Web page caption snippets
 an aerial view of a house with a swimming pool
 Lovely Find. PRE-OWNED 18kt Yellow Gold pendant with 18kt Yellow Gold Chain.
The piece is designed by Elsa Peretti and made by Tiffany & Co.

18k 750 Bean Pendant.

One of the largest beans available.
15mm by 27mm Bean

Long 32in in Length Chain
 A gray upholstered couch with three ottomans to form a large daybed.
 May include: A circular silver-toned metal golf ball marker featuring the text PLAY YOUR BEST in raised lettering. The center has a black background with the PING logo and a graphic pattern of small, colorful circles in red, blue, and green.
--
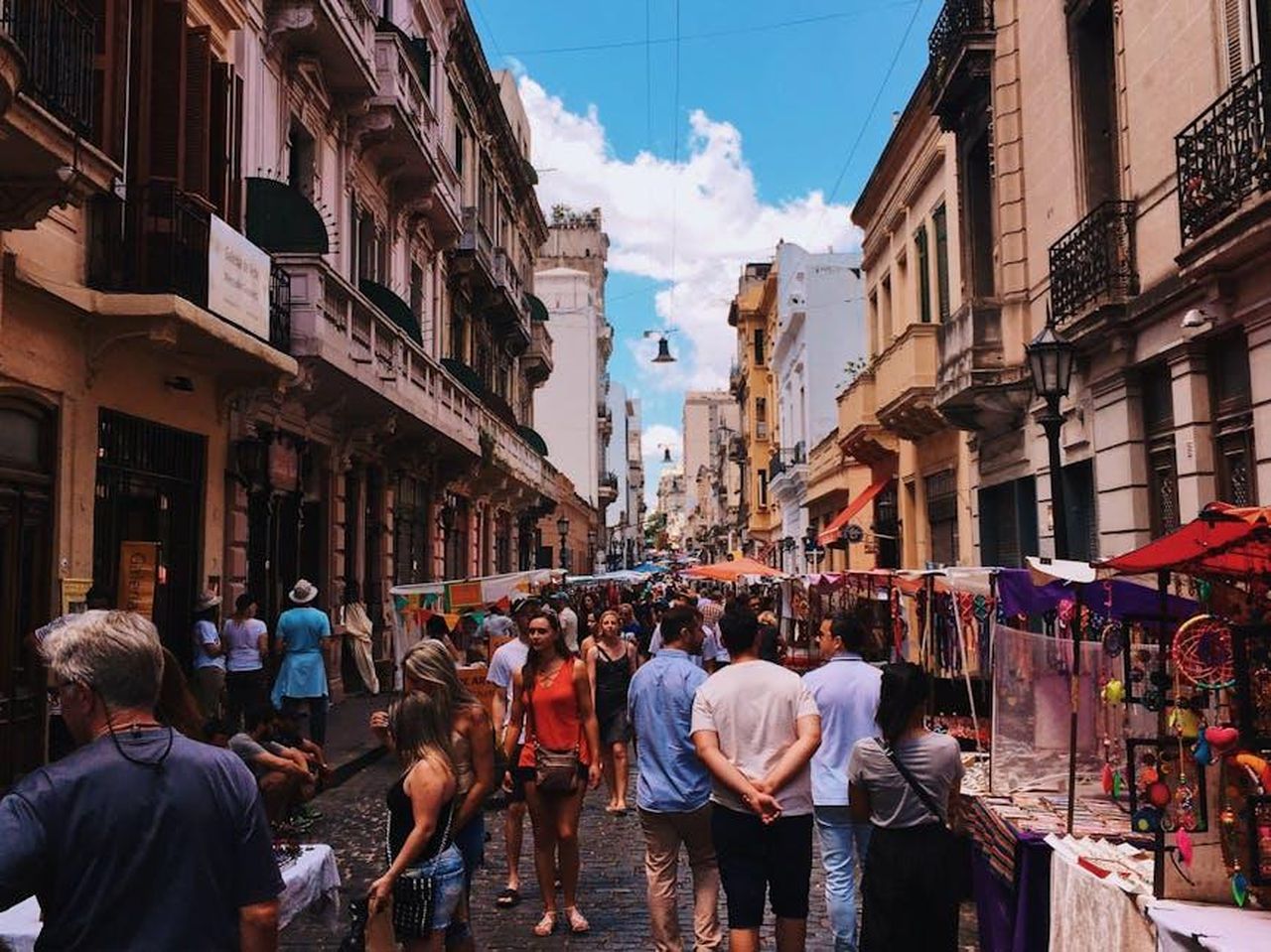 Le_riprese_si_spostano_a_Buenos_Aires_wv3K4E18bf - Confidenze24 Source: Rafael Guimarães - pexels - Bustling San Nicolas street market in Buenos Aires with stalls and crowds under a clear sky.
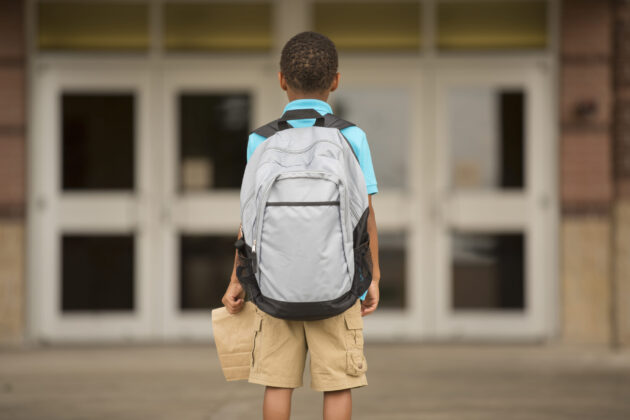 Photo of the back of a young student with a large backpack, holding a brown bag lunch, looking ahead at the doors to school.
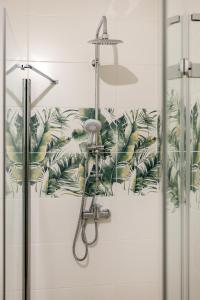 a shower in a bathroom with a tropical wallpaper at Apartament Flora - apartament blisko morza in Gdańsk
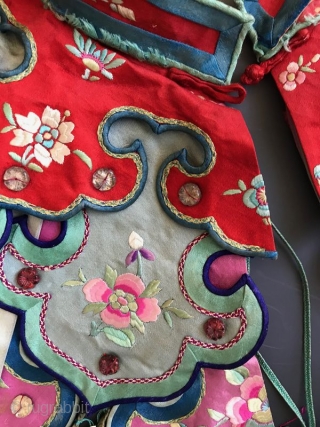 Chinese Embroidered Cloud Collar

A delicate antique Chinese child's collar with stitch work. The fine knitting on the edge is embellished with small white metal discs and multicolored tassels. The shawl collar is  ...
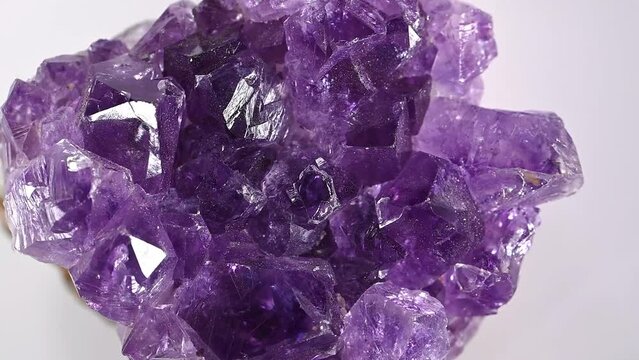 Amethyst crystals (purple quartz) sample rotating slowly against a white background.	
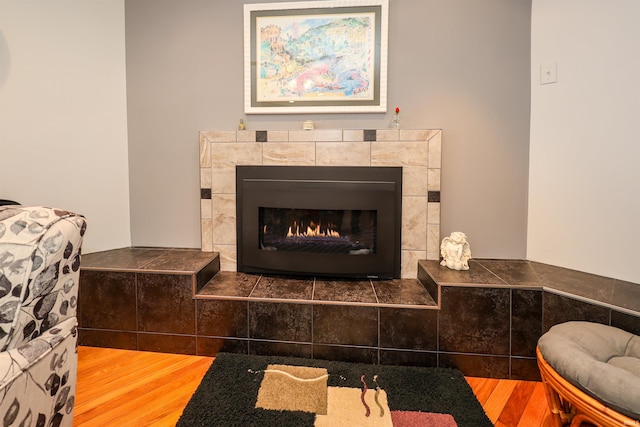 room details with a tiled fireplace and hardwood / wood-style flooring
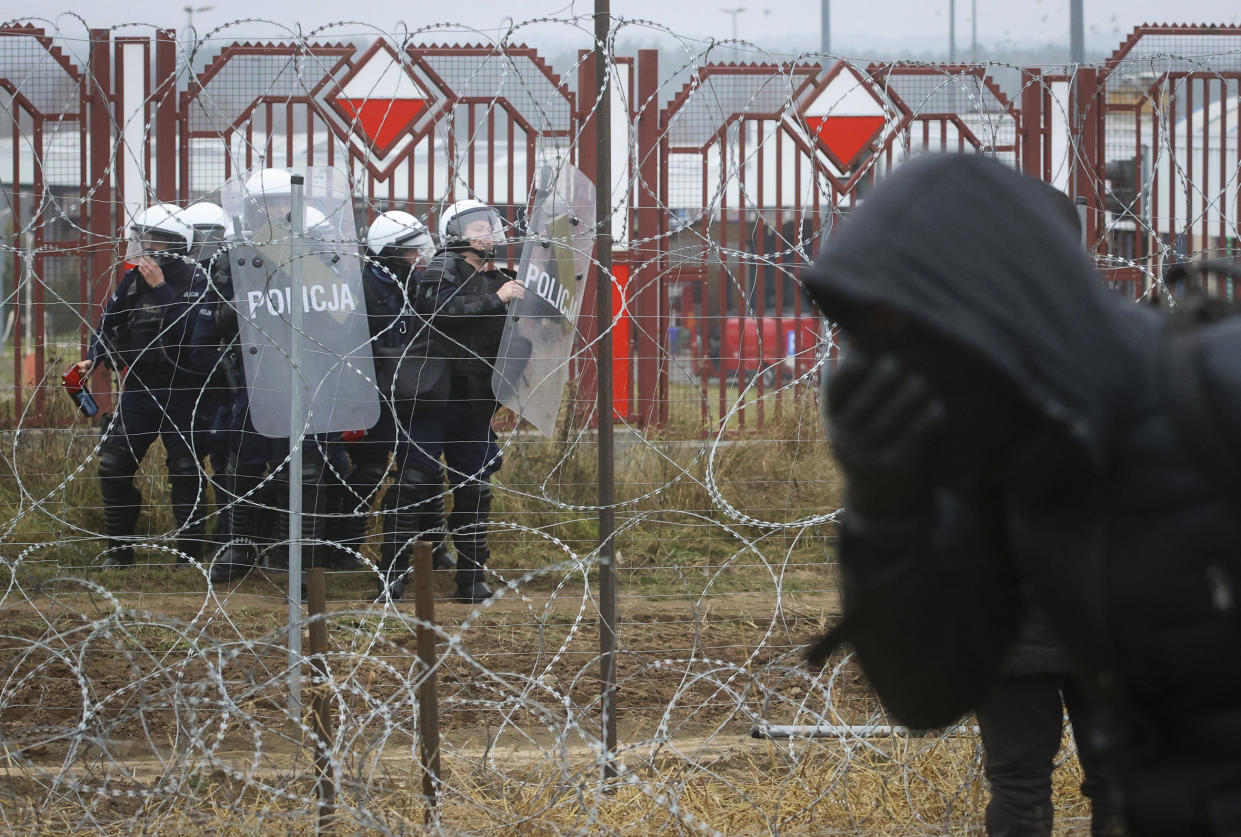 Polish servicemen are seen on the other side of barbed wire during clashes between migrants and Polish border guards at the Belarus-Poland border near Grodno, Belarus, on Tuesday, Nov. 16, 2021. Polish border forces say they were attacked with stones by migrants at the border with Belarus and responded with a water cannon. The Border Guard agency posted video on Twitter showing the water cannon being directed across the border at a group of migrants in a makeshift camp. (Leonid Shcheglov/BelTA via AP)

**TASK TO CARRY OUT**
Above are the records. Copy word for word only their lines from the one holding "A delicate antique" through the one holding "Polish servicemen are", both included, and skip the images.

**FINISHED EXERCISE**
A delicate antique Chinese child's collar with stitch work. The fine knitting on the edge is embellished with small white metal discs and multicolored tassels. The shawl collar is  ...
 Amethyst crystals (purple quartz) sample rotating slowly against a white background.	
 room details with a tiled fireplace and hardwood / wood-style flooring
 Polish servicemen are seen on the other side of barbed wire during clashes between migrants and Polish border guards at the Belarus-Poland border near Grodno, Belarus, on Tuesday, Nov. 16, 2021. Polish border forces say they were attacked with stones by migrants at the border with Belarus and responded with a water cannon. The Border Guard agency posted video on Twitter showing the water cannon being directed across the border at a group of migrants in a makeshift camp. (Leonid Shcheglov/BelTA via AP)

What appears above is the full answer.